Sensing Spaces

At a new Royal Academy show, touching the artwork on show is not only allowed, but encouraged.

The new Sensing Spaces: Architecture Reimagined exhibition open in Janaury, and will see seven architecture firms from across the world converge to create site-specific installations.

The installations have been designed for visitors to explore with all their senses in order to prompt a re-evaluation of the role of architecture in society, aiming to make architecture’s day-to-day impact on our lives more apparent.

By focussing on the human experience of architecture, rather than the developmental processes involved in creating a building, the exhibition will allow visitors to access architecture in a more immediate and immersive way.

Li Xiaodong

Source: image by Li Xiaodong, commissioned by the Royal Academy of Arts, London, detail. © Li Xiaodong

Li Xiaodong

Among the architects involved in the exhibition is Kengo Kuma who recently completed the astonishing FRAC contemporary arts centre in Marseilles. 

Kuma’s installation is inspired by the Japanese smell ceremony Ko-Do which centres around the appreciation of incense.

 Kengo Kuma

Source: image by Kengo Kuma, commissioned by the Royal Academy of Arts, London. © Kengo Kuma

Kengo Kuma

Chilean firm Pezo von Ellrichshausen’s contribution to the exhibition occupies the largest of the galleries and has been designed to induce an Alice in Wonderland style crisis of perspective. 
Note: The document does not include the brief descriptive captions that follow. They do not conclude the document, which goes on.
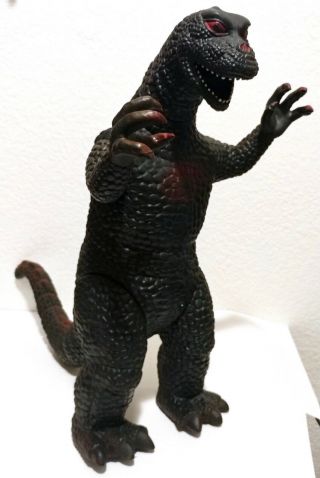Vintage 1997 Godzilla Volcano Blood Red 15” Dor Mei Poseable Rare Foot Stamped 2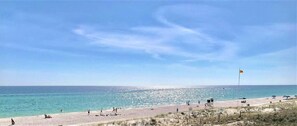 Another beautiful beach view, taken from the balcony 
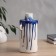 VAZA Ceramics Table "Picasso" (manual painting) explosion jug, 24.5x13 cm, blue-white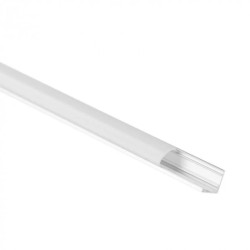 Profil RW01 narożny anodowany + klosz mrożony 1m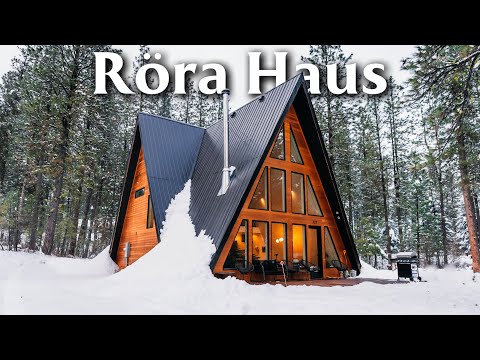Röra Haus - A Modern, Mountain A-frame Full Tour!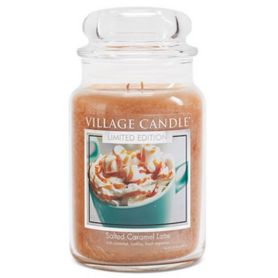 Village Candle Salted Caramel Latte 737gr Large Candle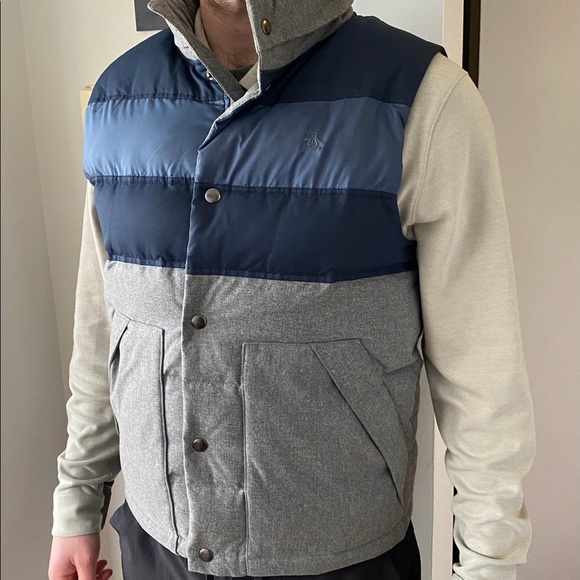 Original penguin brand padded gilet. - Picture 3 of 4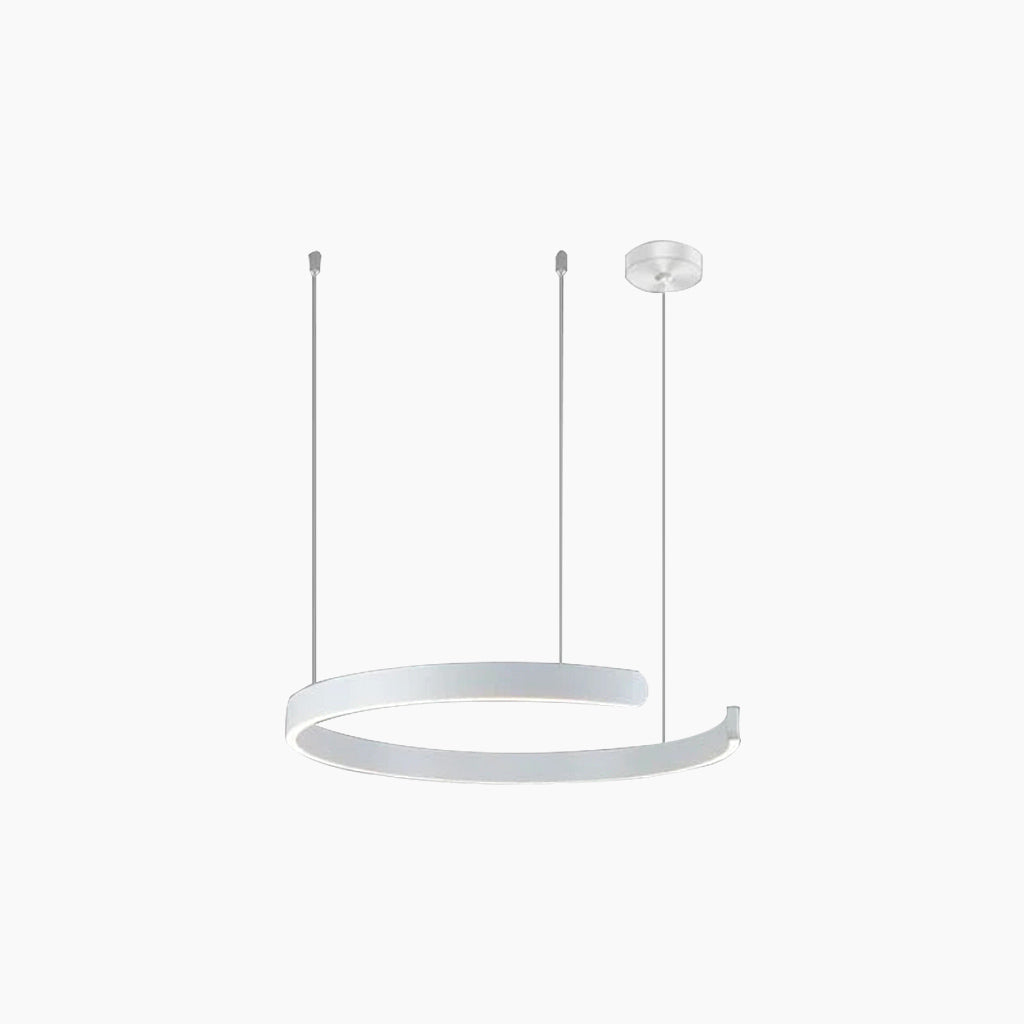 Chandelier Minimalist Stylish Hanging Circular Ring LED 4 Colors White 1 Ring Dia80cm 31.5 48W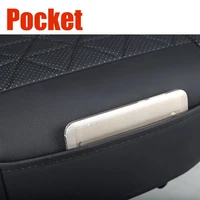 New Front Car Seat Cover PU Leather Cars Seat Cushion Automobiles Seat Protector Universal Car Chair Pad Mat Auto Accessories 4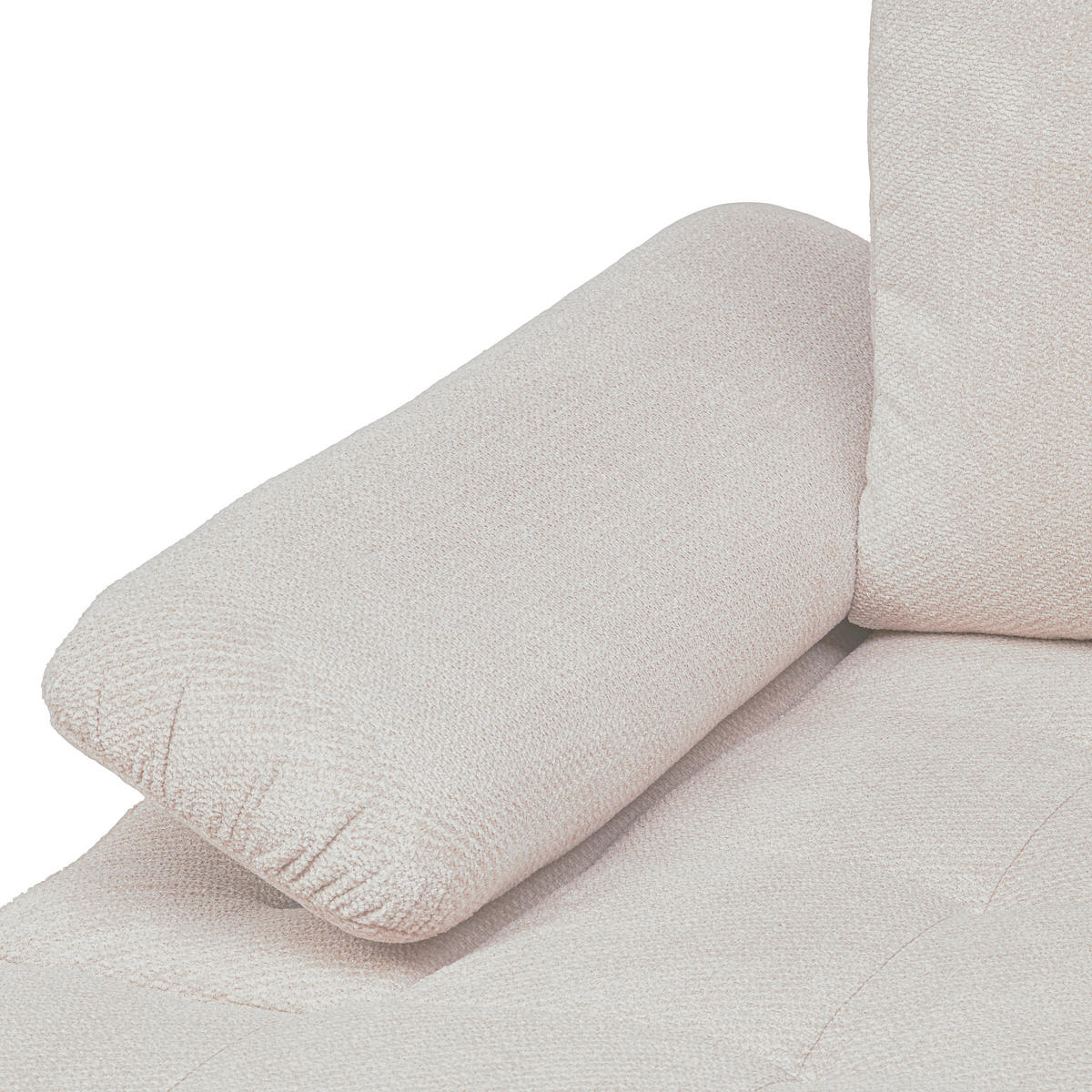 ECKSOFA Weiß Webstoff  - Schwarz/Weiß, KONVENTIONELL, Kunststoff/Textil (162/282cm) - Carryhome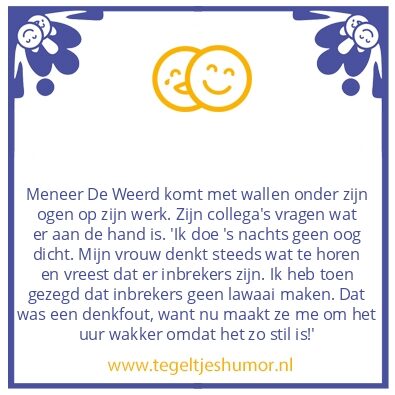 Tegeltje: Inbrekers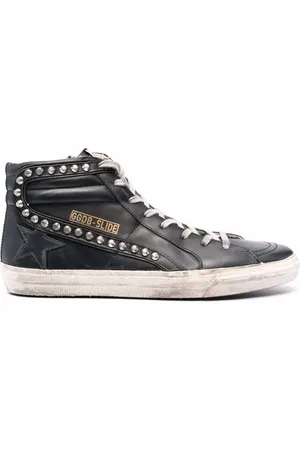 Golden Goose Slide Classic high-top distressed sneakers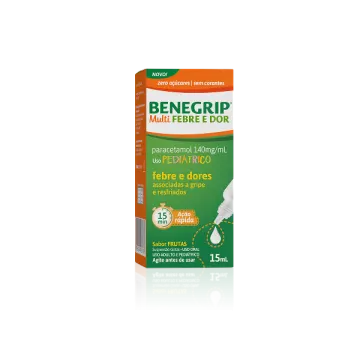 Benegrip Multi Febre e Dor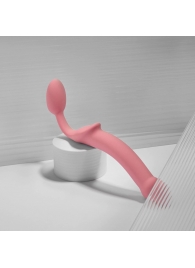 Розовый безремневой страпон Strap-on-me Semi-Realistic Bendable Strap-On size S - Strap-on-me - купить с доставкой в Пушкино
The firm has previously created structures designed to disorientate such as the 120 Doors Pavilion in Chile and the Crux Pavilion in Portugal.

The exhibition will be accompanied by a film that introduces the architects and gives visitors a tour of their completed projects across the world.

Sensing Spaces: Architecture Reimagined runs from 25 January – 6 April 2014 in the main galleries of both Royal Academy sites at Burlington House, Piccadilly London W1J and Burlington Gardens London W1S.